Passing a function ptr

Hi guys

I need to a simple stuff like this:

template<class T>
__global__ void fill_func(T *base,T (func*)(int),int width) {
	int i=threadIdx.x + blockDim.x * blockIdx.x;
	if (i<width) base[i]=func(i);
	__syncthreads();
}

At compile time nvcc returns:
[blabla]/…cuda_utils.cuh(57): error: identifier “func” is undefined
[blabla]/…cuda_utils.cuh(57): error: function returning function is not allowed

my intention is to pass a function pointer so to fill the array with func’s result like this:

device increment(int i) {
return (float)(i);
}

fill_func<<<SIZE,SIZE/256>>>(array_base,increment_func,SIZE)
Does cuda 11.2 support this?
Thanks

Yes, with some modifications.

You might start with a pattern that would actually compile in c++ (for this exercise, realize the functions as you would if they were all non-CUDA, host code functions.) For example, in C++ the prototype of a function pointer is (*func)() not (func*)().

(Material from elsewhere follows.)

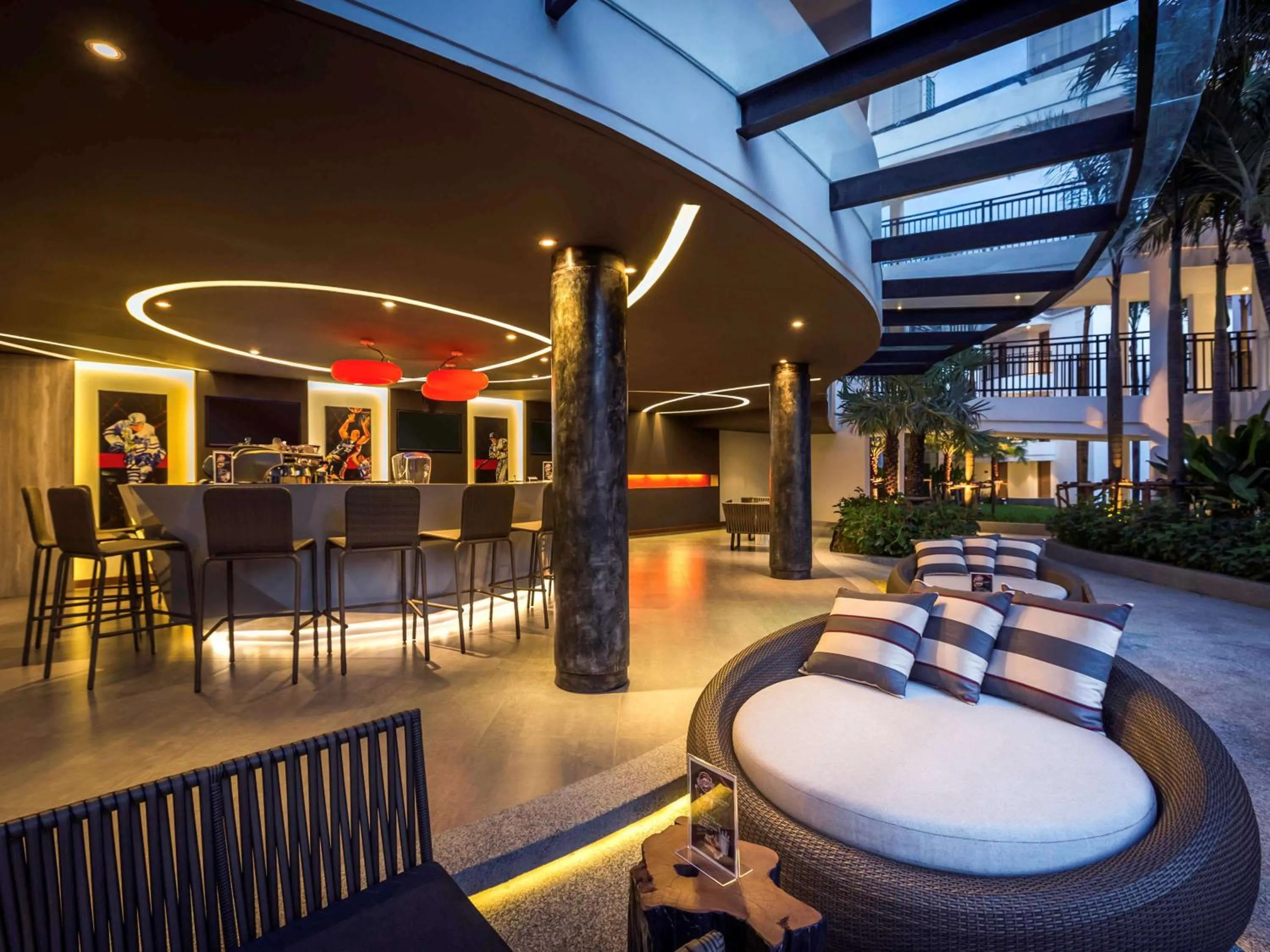 Lounge or bar in Holiday Inn Resort Phuket Karon Beach by IHG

Doing so would get rid of the mistakes you are making that are leading to the errors you indicate. If you did that, you might end up with something like this which compiles without errors:

template <class T>
__global__ void fill_func(T *base,T (*func)(int),int width) {
        int i=threadIdx.x + blockDim.x * blockIdx.x;
        if (i<width) base[i]=func(i);
        __syncthreads();
}

__device__ float  increment_func(int i) {
return (float)(i);
}

int main(){
  const int SIZE = 256;
  float *array_base = NULL;
  fill_func<<<SIZE,SIZE/256>>>(array_base,increment_func,SIZE);
}

However this still wouldn’t work correctly. There is one additional issue to deal with, and that is that in CUDA, __device__ addresses cannot be (directly) captured in host code. Therefore this:

  fill_func<<<SIZE,SIZE/256>>>(array_base,increment_func,SIZE);
                                          ^^^^^^^^^^^^^^

isn’t going to do what you might think. The topic of function pointer usage is covered in many places, including the programming guide, some CUDA sample codes, and various forum questions such as here. From among the many examples of ways to work around this issue linked from that question, I’ll pick one:

$ cat t48.cu
template <class T>
__global__ void fill_func(T *base,T (*func)(int),int width) {
        int i=threadIdx.x + blockDim.x * blockIdx.x;
        if (i<width) base[i]=func(i);
        __syncthreads();
        if (i < 2) printf("thread: %d  : %f\n", i, base[i]);
}

__device__ float  increment_func(int i) {
return (float)(i);
}
__device__ float (*d_increment_func)(int) = increment_func;

int main(){
  const int SIZE = 256;
  float *array_base;
  cudaMalloc(&array_base, 256*sizeof(array_base[0]));
  float (*h_d_increment_func)(int);
  cudaMemcpyFromSymbol(&h_d_increment_func, d_increment_func, sizeof (h_d_increment_func));
  fill_func<<<SIZE,SIZE/256>>>(array_base,h_d_increment_func,SIZE);
  cudaDeviceSynchronize();
}
$ nvcc -o t48 t48.cu
$ cuda-memcheck ./t48
========= CUDA-MEMCHECK
thread: 0  : 0.000000
thread: 1  : 1.000000
========= ERROR SUMMARY: 0 errors
$

Thnakyou,
very kind for your useful answer